In rural southwest Minnesota, where former M.Div. student Salim Kaderbhai pastors two small community churches, that idea Zscheile describes is particularly timely and challenging. One of the congregations Kaderbhai oversees recently voted to close because the ministry could no longer be sustained.
“It’s definitely hard as a pastor. I want people to understand the church is not a building, and spirituality is not about a physical location, so that idolizing the building doesn’t blind people to what true faith is.”

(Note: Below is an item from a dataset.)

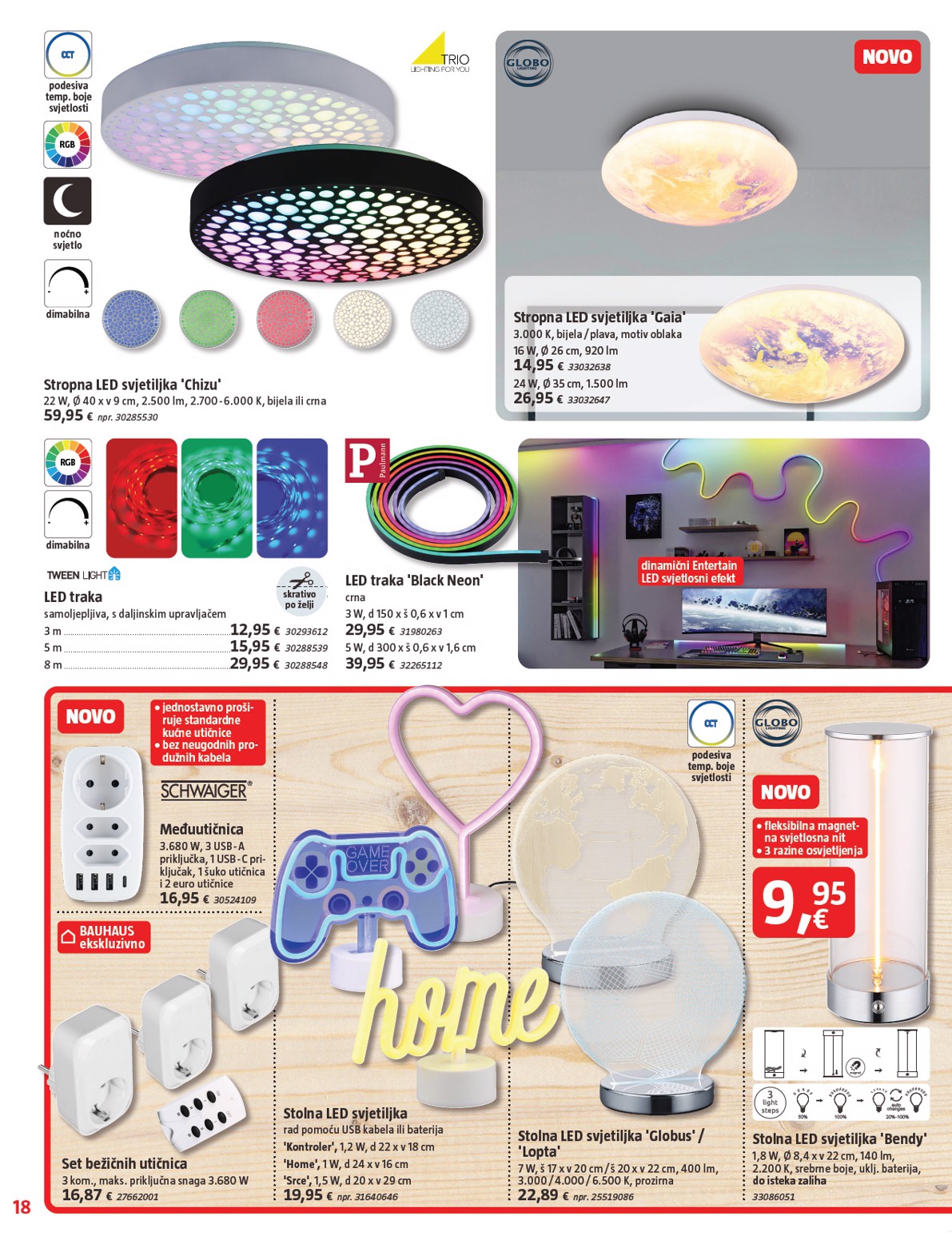 bauhaus - Prelistajte katalog BAUHAUS, vrijedi od 04.09. do 01.10. - page: 18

Kaderbhai said too often people can be talking about ‘my church,’ and they really are thinking of the building and land—how well-kept are the grounds, and is the paint fresh inside the fellowship hall? But he said it’s also painful after people have come together, sometimes for decades, sharing their lives and worshipping in one space, to not be able to say goodbye to that structure, literally and figuratively. It’s a different kind of void left for those parishioners.
So Kaderbhai said his goal is to help people in both communities find new ways to grow.
“There are two kinds of churches: Those that are meant to be a church and those that are a museum. Is it a place to preserve history, or is it a place to live out your faith? This has really forced people to reevaluate what their priorities are,” Kaderbhai said.
“From a pastoral perspective, my hope is that they all understand how we all need not only the God who created us and forgave us, but the community that God gave us. I want people to understand the importance of meaningful, transformative relationships with God and each other.”
Shaking off muscle memory
That challenge is exactly what Katie Langston ’21 M.Div. and others at Luther Seminary are helping faith leaders navigate with the resources and community of Faith+Lead.
COVID-19, said Langston, director of digital strategy and executive communications specialist, “is stripping away the muscle memory of what church is.”
If the default is gathering together on Sunday to display membership, or if attendance at a particular service is church, she said it will be much harder for a faith leader to sustain that congregation through this current— or any other—crisis the church community is likely to face.
“This pandemic is causing people to reflect deeply on the questions of what church is and what it means to be church,” Langston said. “If, as a leader, you haven’t answered that question better than ‘It’s the building,’ when we are able to gather together again you will have far fewer people, because people will have figured out they can do without church.”
She said it’s not a question of simply taking what’s done in person and plopping it online, but instead it will require “imagination and deep theological consideration of what we are doing here.”
Langston and other members of the Faith+Lead team are helping pastors and leaders ask the right questions so they can find the answers that best fit each unique spiritual community.
She encourages faith leaders to “take the opportunity now to be intentional in your discernment of what God is saying” so they can clearly define what’s next.
That intentionality is guiding Nathan Strong ’11 M.Div. as he serves his congregation at Grace Lutheran Church in Carrollton, Texas.
Strong said there’s a desire, as a community’s pastor, to feel like all the answers have to flow through him. Instead, he said, he tries to keep everything in perspective by gathering smart people around him who can determine what the community wants to accomplish.
“This pandemic felt like someone slammed on the brakes of life for all of us,” said Strong. “Now that we are slowly moving, we can figure out what is important, where we are going, and more importantly, that everyone matters to God, so they matter to us.”